(Exercise input begins)
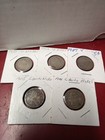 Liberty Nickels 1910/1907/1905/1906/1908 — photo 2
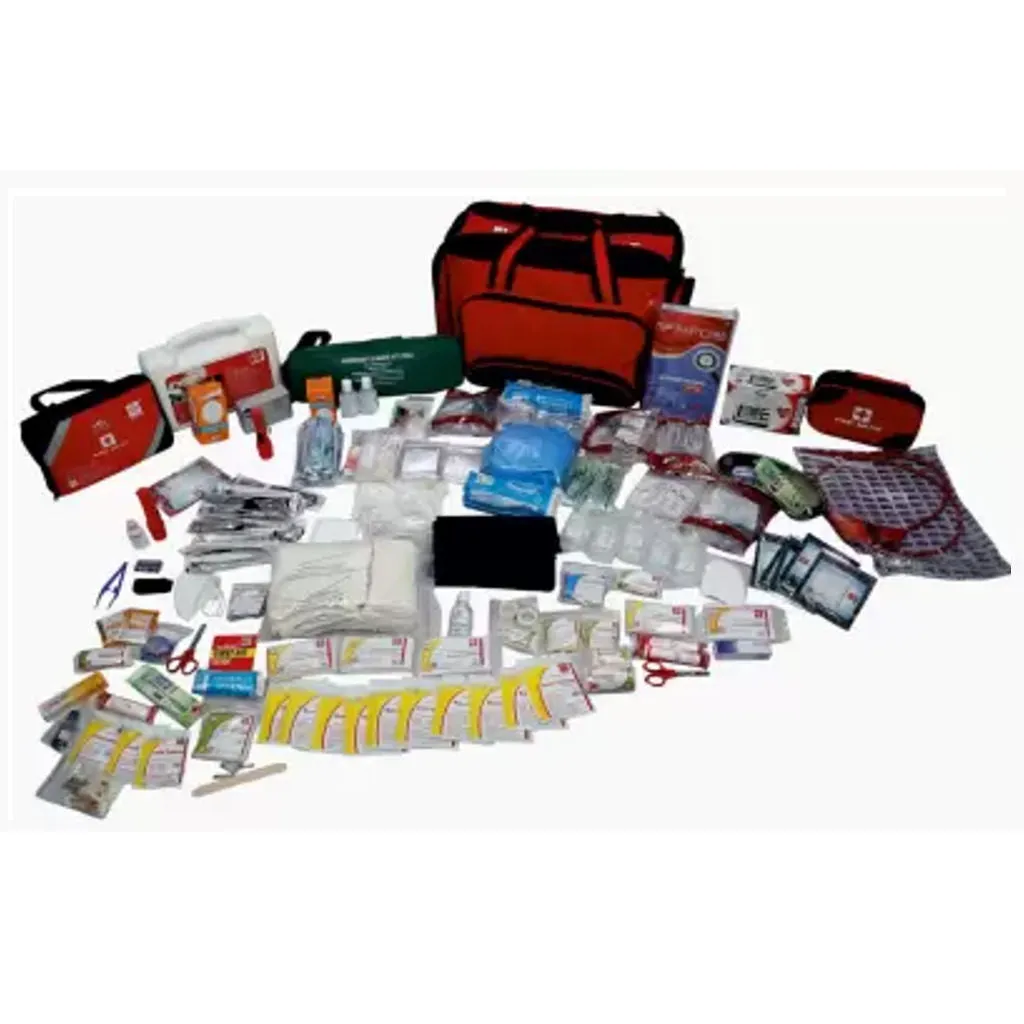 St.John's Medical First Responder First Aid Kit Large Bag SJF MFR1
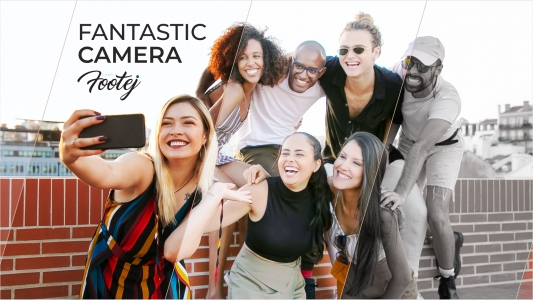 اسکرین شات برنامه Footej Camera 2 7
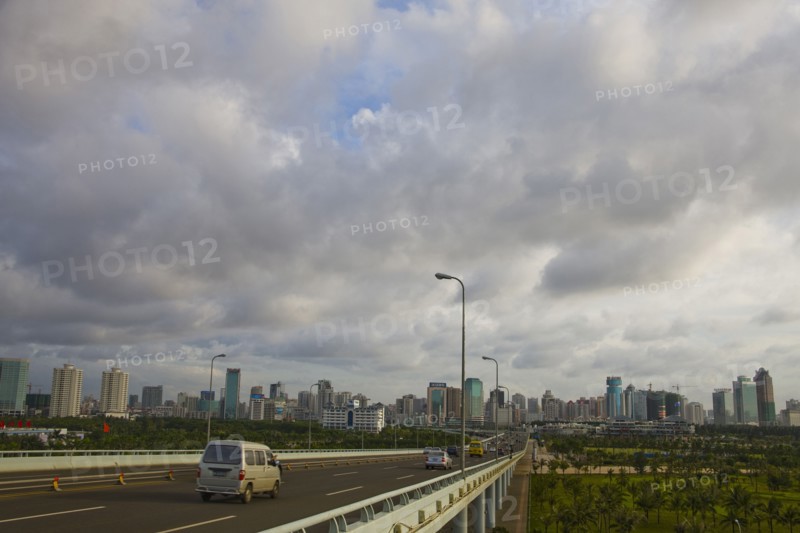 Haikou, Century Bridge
(Exercise input ends)
(Exercise input begins)
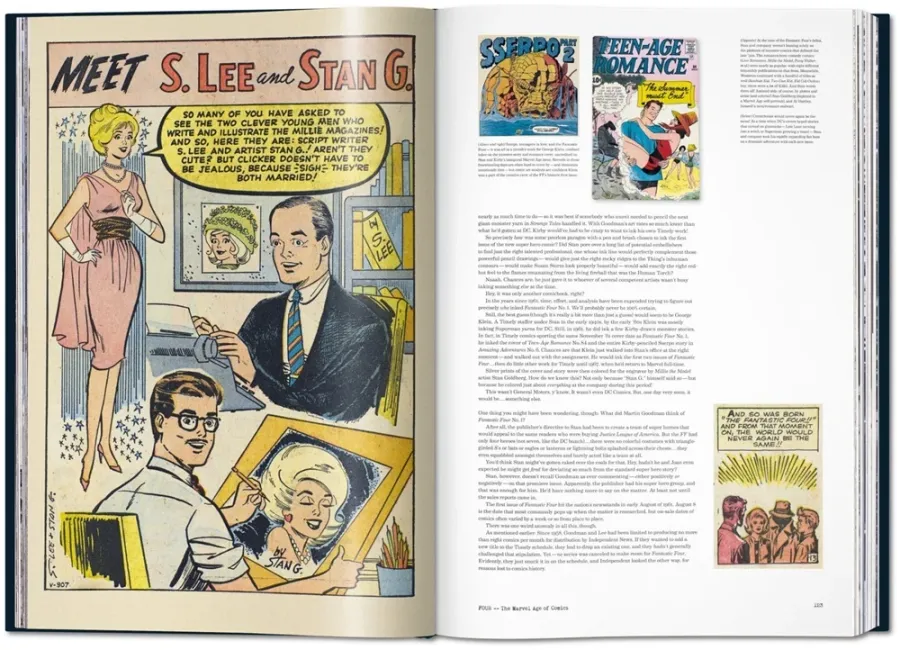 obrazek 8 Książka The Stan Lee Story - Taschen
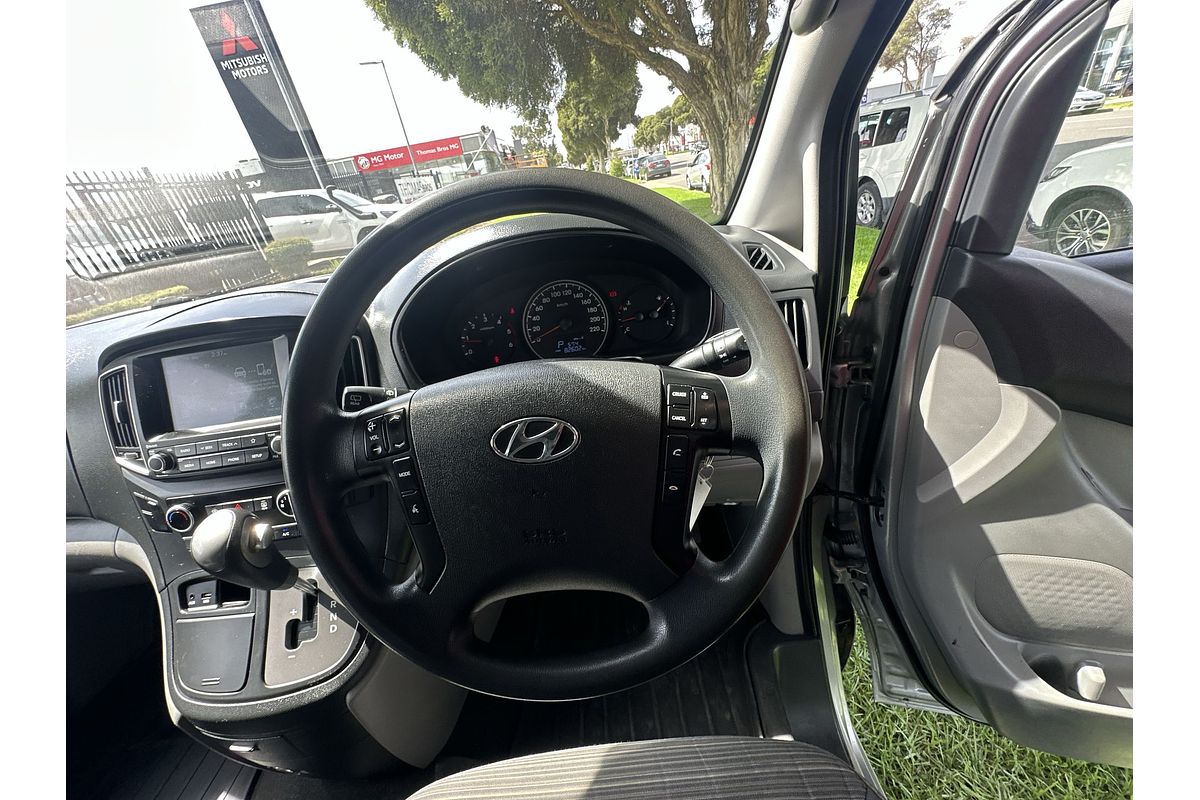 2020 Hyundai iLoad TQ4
(Exercise input ends)
**What the exercise asks:** Within the listing above, copy exactly the lines that start at the one with "St.John's Medical First" and continue through the one with "Haikou, Century Bridge". Omit pictures.

**Solved exercise:**
 St.John's Medical First Responder First Aid Kit Large Bag SJF MFR1
 اسکرین شات برنامه Footej Camera 2 7
 Haikou, Century Bridge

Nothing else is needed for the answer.